Description Peter Occil 2013-04-02 20:55:42 UTC
Section 3.6.2 of Unicode Technical Report 36 says that conversion must use replacements or cause an error or even for "unrecognized or 'empty' state-change sequences".  But this does not happen in the current encoding algorithms.

For example, in the "hz-gb-2312" algorithm:

0x7E 0x7B 0x7E 0x7D 0x20 results in U+0020, rather than a decoder error and 0x20 (since I presume that the empty shift sequence is illegal.)

Similarly, 0x7E 0x7D 0x7E 0x7B causes no decoder error for being an empty shift sequence.

In the "iso-2022-jp" algorithm:

0x1b 0x24 0x40 0x1b 0x28 0x42 0x20 (and other sequences like it) results in U+0020, rather than a decoder error and 0x20
(since I presume that the empty shift sequence is illegal.)

In the "iso-2022-kr" algorithm:

The byte sequence 0x0E 0x0E 0x0E ... results in no characters, rather than one or more decoder errors (at least for reaching the end of the stream with no characters).

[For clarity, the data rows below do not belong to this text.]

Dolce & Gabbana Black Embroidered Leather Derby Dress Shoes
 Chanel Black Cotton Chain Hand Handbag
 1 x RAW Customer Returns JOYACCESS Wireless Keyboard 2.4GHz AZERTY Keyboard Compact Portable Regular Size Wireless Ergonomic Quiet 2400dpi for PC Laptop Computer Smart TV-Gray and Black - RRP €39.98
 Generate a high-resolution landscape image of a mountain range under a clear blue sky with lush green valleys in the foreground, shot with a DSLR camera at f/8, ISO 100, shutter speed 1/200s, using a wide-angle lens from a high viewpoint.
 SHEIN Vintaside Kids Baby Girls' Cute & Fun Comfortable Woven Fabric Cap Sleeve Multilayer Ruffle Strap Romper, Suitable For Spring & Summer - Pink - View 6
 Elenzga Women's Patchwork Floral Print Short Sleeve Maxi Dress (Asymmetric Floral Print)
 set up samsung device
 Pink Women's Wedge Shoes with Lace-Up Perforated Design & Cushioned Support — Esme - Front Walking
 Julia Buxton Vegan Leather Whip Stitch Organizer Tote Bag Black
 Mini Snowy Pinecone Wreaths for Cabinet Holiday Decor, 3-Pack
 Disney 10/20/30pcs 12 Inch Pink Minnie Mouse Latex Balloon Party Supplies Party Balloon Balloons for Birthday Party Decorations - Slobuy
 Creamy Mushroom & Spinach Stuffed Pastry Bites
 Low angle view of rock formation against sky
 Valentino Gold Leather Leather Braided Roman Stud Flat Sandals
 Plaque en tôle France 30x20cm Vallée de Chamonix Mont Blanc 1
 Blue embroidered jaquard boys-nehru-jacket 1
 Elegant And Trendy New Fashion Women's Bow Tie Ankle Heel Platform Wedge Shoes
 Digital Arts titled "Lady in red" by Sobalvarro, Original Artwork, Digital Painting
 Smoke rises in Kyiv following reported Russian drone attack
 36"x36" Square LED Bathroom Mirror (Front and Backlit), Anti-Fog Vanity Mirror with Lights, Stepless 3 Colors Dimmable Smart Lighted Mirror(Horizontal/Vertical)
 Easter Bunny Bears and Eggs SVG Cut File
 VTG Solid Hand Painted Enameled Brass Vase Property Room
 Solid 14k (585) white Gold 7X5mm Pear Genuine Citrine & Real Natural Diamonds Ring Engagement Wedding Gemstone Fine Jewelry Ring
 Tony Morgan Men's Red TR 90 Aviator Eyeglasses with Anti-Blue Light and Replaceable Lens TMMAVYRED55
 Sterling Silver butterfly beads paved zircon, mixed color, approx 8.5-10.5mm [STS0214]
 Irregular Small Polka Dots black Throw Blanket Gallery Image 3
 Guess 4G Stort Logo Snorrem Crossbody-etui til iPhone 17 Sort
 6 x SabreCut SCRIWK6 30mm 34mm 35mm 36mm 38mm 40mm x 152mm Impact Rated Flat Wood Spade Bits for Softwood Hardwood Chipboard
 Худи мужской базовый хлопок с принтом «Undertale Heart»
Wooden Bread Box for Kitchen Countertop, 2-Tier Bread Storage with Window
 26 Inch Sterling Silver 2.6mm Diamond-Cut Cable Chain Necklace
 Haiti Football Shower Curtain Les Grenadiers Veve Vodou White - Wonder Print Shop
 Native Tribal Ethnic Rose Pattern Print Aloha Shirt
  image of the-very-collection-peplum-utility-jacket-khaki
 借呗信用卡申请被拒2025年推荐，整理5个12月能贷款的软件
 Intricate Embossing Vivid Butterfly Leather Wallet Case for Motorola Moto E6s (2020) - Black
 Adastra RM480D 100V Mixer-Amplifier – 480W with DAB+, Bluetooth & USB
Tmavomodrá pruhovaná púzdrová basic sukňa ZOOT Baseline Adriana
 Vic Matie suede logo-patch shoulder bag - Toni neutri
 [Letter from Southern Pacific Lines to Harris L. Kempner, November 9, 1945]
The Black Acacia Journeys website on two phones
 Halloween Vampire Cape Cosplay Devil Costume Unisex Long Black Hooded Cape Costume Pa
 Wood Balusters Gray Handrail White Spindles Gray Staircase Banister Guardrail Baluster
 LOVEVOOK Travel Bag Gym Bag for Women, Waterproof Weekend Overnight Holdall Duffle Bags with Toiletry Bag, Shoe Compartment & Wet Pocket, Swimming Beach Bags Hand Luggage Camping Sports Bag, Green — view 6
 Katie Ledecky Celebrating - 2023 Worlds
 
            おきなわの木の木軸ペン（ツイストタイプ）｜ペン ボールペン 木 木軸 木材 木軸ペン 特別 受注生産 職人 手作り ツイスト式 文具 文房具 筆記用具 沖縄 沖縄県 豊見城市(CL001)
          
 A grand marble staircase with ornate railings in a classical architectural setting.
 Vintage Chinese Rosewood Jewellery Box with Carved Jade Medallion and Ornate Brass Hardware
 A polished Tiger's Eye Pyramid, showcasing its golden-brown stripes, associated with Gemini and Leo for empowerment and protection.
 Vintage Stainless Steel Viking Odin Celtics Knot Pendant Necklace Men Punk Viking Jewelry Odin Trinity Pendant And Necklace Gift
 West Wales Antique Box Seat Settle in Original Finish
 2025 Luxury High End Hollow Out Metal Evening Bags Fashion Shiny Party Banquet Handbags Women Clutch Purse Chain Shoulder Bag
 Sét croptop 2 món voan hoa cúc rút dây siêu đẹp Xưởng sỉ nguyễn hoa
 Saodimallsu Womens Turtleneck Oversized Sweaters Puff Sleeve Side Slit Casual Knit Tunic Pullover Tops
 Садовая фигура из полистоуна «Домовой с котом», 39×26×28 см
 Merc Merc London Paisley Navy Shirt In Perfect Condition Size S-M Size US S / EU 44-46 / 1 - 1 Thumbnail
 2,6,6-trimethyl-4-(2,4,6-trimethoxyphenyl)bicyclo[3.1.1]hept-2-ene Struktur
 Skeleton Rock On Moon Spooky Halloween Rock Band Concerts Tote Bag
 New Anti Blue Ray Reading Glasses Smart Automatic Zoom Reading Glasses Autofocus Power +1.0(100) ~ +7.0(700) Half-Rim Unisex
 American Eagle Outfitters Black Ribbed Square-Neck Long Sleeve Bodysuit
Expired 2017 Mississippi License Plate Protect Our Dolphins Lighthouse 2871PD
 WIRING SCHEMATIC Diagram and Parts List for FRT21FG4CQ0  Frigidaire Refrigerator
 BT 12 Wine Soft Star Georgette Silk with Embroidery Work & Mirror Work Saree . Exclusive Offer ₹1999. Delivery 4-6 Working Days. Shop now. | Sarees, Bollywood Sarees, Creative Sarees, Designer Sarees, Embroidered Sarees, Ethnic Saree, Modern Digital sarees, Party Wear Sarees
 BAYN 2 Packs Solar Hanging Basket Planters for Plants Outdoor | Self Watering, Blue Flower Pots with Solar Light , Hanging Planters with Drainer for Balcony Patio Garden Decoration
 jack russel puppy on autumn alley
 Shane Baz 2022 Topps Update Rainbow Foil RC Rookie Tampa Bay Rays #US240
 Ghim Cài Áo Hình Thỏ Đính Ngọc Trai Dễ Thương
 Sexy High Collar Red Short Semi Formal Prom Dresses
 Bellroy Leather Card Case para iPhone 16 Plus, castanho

The byte sequence 0x0F 0x0F 0x0F ... results in no characters, rather than one or more decoder errors (at least for reaching the end of the stream with no characters).

0x0E 0x0F 0x20 results in U+0020, rather than a decoder error and 0x20.

All the cases above indicate empty shift sequences not currently treated as decoder errors.

Should the encoding algorithms be changed to emit a decoder error if there are no characters in between shift sequences in "iso-2022-jp" and "iso-2022-kr"?  Or are the algorithms like this for compatibility? Another issue is how to deal with unrecognized ISO 2022 escape sequences; I feel that the current encoding algorithms don't deal with that well enough.
Comment 1 Anne 2013-04-03 14:59:00 UTC
* We do not want to change algorithms except where that leads to further convergence.

* Convergence with Unicode Technical Reports is a non-goal. Unicode Technical Reports can be updated if the reality is different.

* All sequences in iso-2022-* are handled as far as I can tell. What's the problem?
Comment 2 Peter Occil 2013-04-03 16:06:25 UTC
I will test these sequences with different browsers and report back.
Comment 3 Peter Occil 2013-04-03 18:49:55 UTC
I've made a test page at this address:

http://upokecenter.com/projects/iso2022.htm

and tested it with Safari 5.1.7, Internet Explorer 10, Opera 12, Google Chrome 26, and Firefox 19.  The results included the following:

- Safari and Chrome showed the same results, one of the consequences of having the same browser engine -- Webkit.
- Firefox and Webkit emit 0xFFFD when it reaches a shift sequence immediately
after another shift sequence, but not IE or Opera.
- No browser showed a decoder error if a shift sequence occurs at the very end of the string, so this case should probably
  be ignored.
- There was different behavior across browsers on how unrecognized escape sequences are handled.  In ASCII mode,
Opera and Webkit emit 0xFFFD to replace the first bytes of the sequences, while IE and Firefox emit the 0x1B escape character
  and the rest of the sequence as ASCII.

I will collect all the test results on another page and report it here.
Comment 5 Anne 2014-11-06 10:44:31 UTC

*** This bug has been marked as a duplicate of bug 27256 ***